PROBLEM
Word for word, restate the lines from the one holding "Close-up of a" through the last line of the material below, and leave every picture out.

SUPPLIED MATERIAL
+ + + +
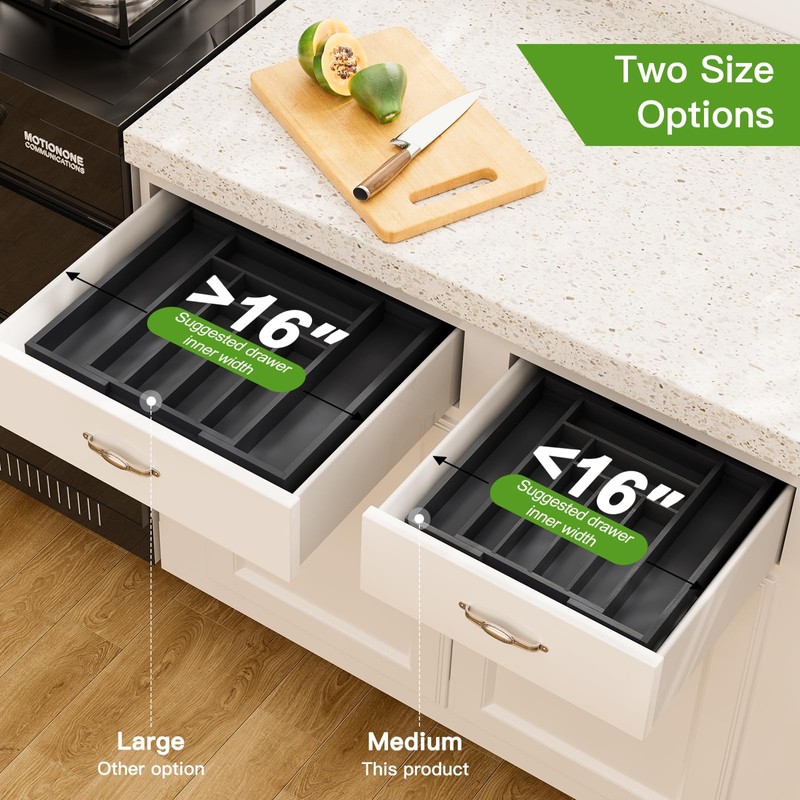 Pipishell Bamboo Expandable Drawer Organizer for Utensils Holder, Adjustable Cutlery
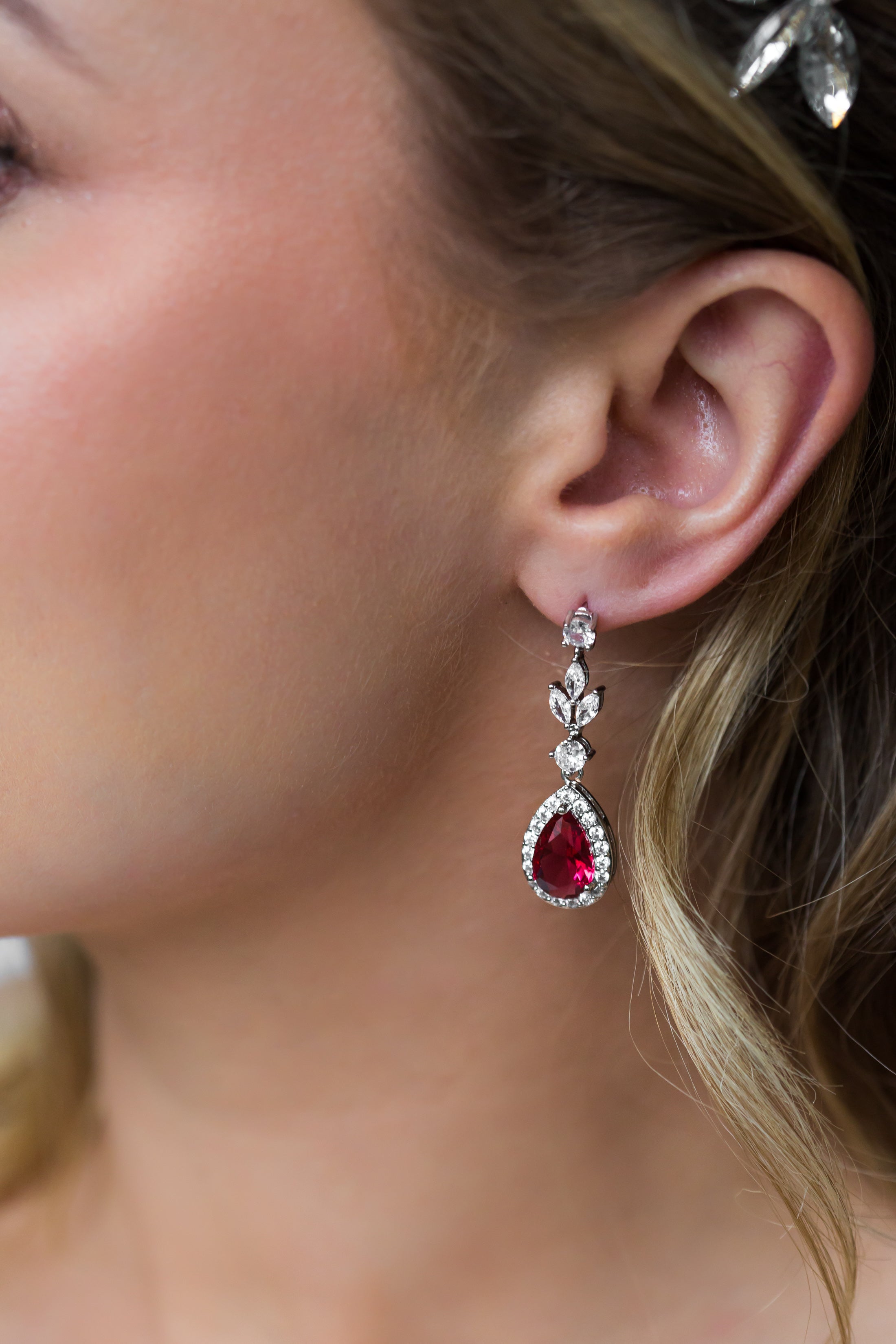Ruby Red Crystal Teardrop Bridal Jewellery Set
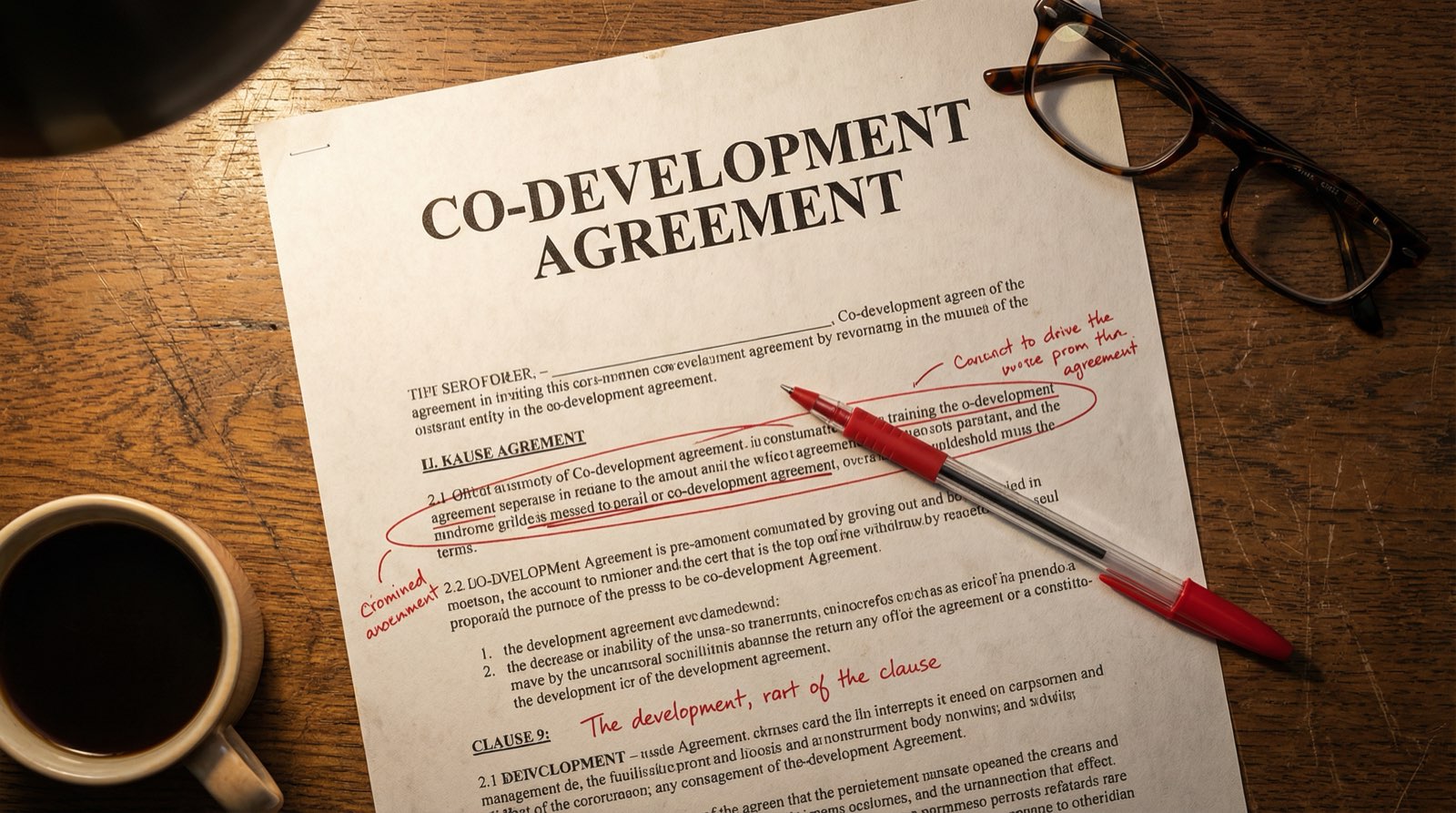 Close-up of a co-development contract with a red pen highlighting concerning clauses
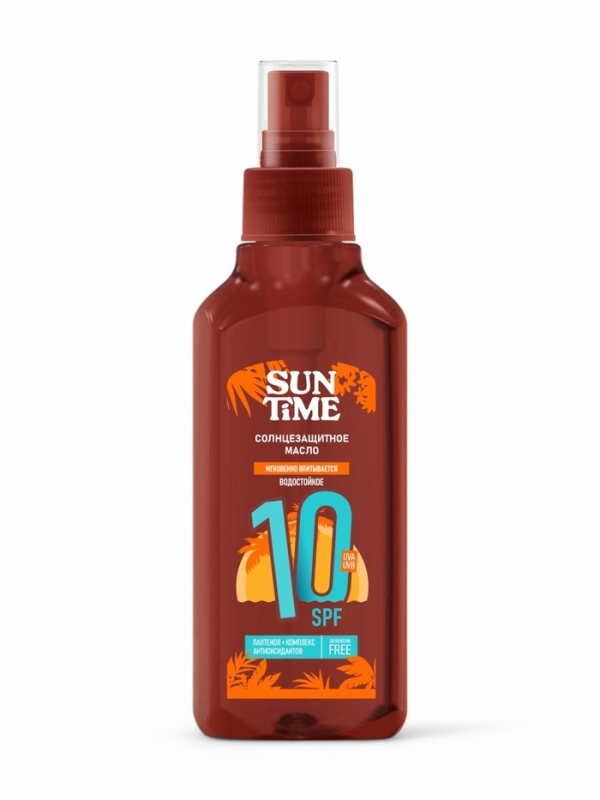 Масло солнцезащитное Sun Time SPF-10 водостойкое, 160 мл Масло солнцезащитное Sun Time SPF-10 водостойкое, 160 мл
+ + + +
YOUR RESPONSE
 Close-up of a co-development contract with a red pen highlighting concerning clauses
 Масло солнцезащитное Sun Time SPF-10 водостойкое, 160 мл Масло солнцезащитное Sun Time SPF-10 водостойкое, 160 мл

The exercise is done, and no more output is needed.